Adding Metrics to your Gadget
These instructions explain how to implement metrics collection if you're developing your own or extending an existing gadget. For the user perspective of things (actually exporting the metrics to a third party), please read this (TODO).
Inspektor Gadget allows you to easily add metrics to your gadgets that then can be exported to OpenTelemetry compatible software (like Prometheus), the CLI, or other third parties by implementing a dedicated operator for that.
Inspektor Gadget currently supports counters, gauges and histograms - fields must be of any integer or float type. For histograms, we also support handing over all buckets at once as an array of int32 or int64 and adding their values up.
Metrics can either be collected in user-space or directly inside your eBPF programs using eBPF maps. Which option you choose depends on how you collect the data and the quantity of it.
If you're sending events to user-space, you can create metrics from those by just adding a couple of annotations to your
gadget.yaml
file, or by using some well-known types (TODO links to macros) inside your struct definition inside eBPF code.
If you don't want to emit events, because it would just be too much throughput, you can choose to write the metrics into eBPF maps instead and let IG create a data source (TODO link to data source) from it. Those can then be exported to for example Prometheus.
Source | Application | Performance |
---|---|---|
user-space | easy development when using event sources (GADGET_TRACE()); event sources can be reused | slower |
eBPF maps | using dedicated maps for metrics, especially suited for high throughput scenarios | fast |
User-space collection
Using the metadata file
Without modifying eBPF code, you can modify the gadget.yaml
to specify how metrics should be collected from existing
data sources. Keep in mind that this requires an event being sent to user-space in order to work - so if you expect
many events, please look into implementing the metrics collection using eBPF maps (see below).

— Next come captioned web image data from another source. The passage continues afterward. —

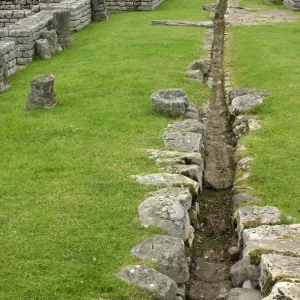 Ancient Roman water system at Chesters in Northumbria, England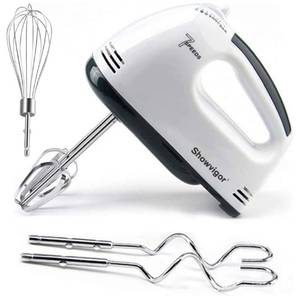 lot 6387 image: Showvigor Electric Hand mixer - 7 Adjustable Speed 180W Handheld Mixer Electric Whisk with 5 Stainless Steel Accessories, Turbo BoostSelf-Control Speed  Eject Button Food Beater for Cakes Eggs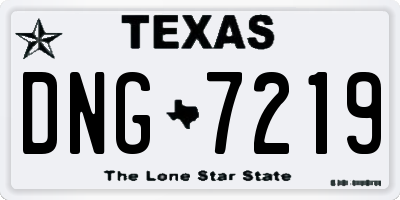 TX license plate DNG7219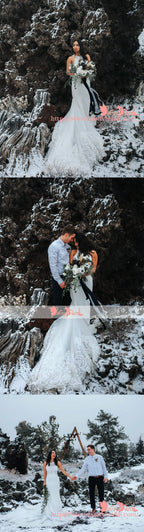 Gorgeous Lace Top Mermaid Sleeveless Elegant Wedding Dresses With Train, DB0136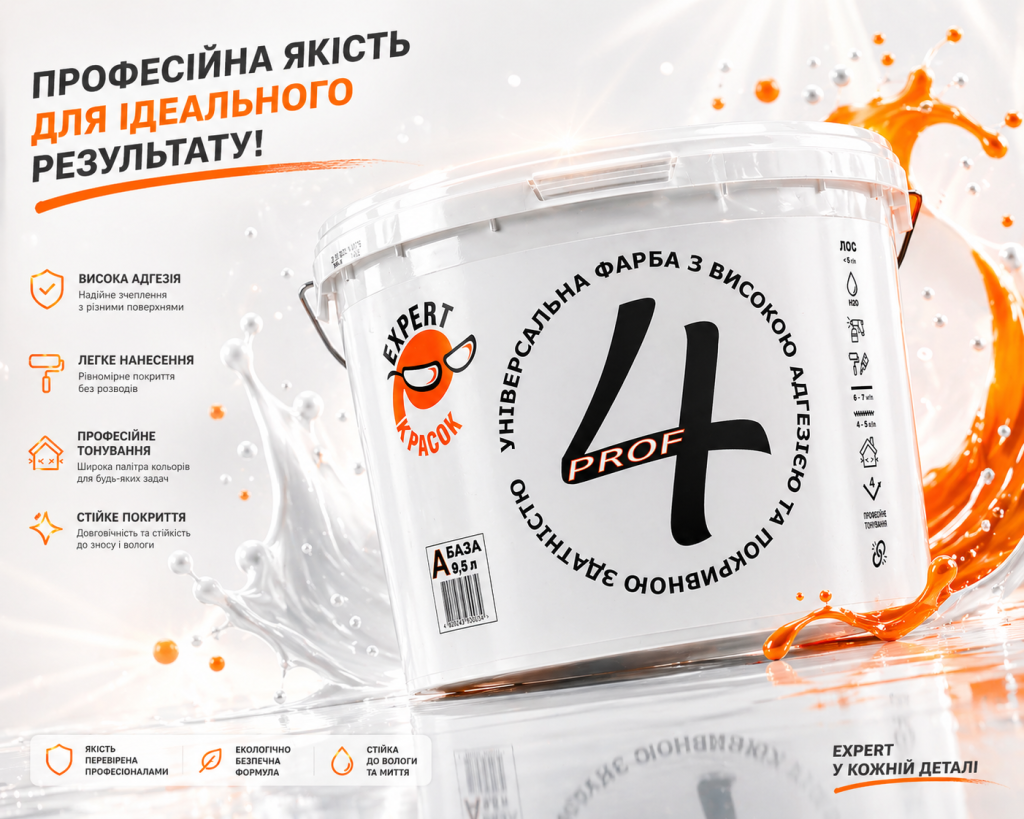 Фарба універсальна Prof 4 акрилатна, база А, 9 л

Let's assume you've already got a data source called events
. That data source has two fields - a string field called
name
and an int32 field called count
. The (empty) section of your gadget.yaml
file for that datasource could look
like this:
datasources:
events:
fields:
name:
count:
First, you need to annotate the data source itself with metrics.collect
set to true
.
Now, if you want to expose the field count
as a metric, just annotate the field with metrics.type
as key and counter
as value, like so:
datasources:
events:
annotations:
metrics.collect: true
fields:
count:
annotations:
metrics.type: counter
This will increase the counter of that metrics by whatever value the count
field has. Use metrics.type: gauge
, if
you always just want to set the metric to the latest value.
If you later on want to differentiate the count by their different name
contents, you can annotate the name
field
with key metrics.type
and value key
. This creates a key (or label) from that field that is associated with each
metric afterward - e.g.: this lets you later on filter the values of count
according to the corresponding name
values.
Note: adding multiple metric.key annotations will increase cardinality a lot and take up more space and storage.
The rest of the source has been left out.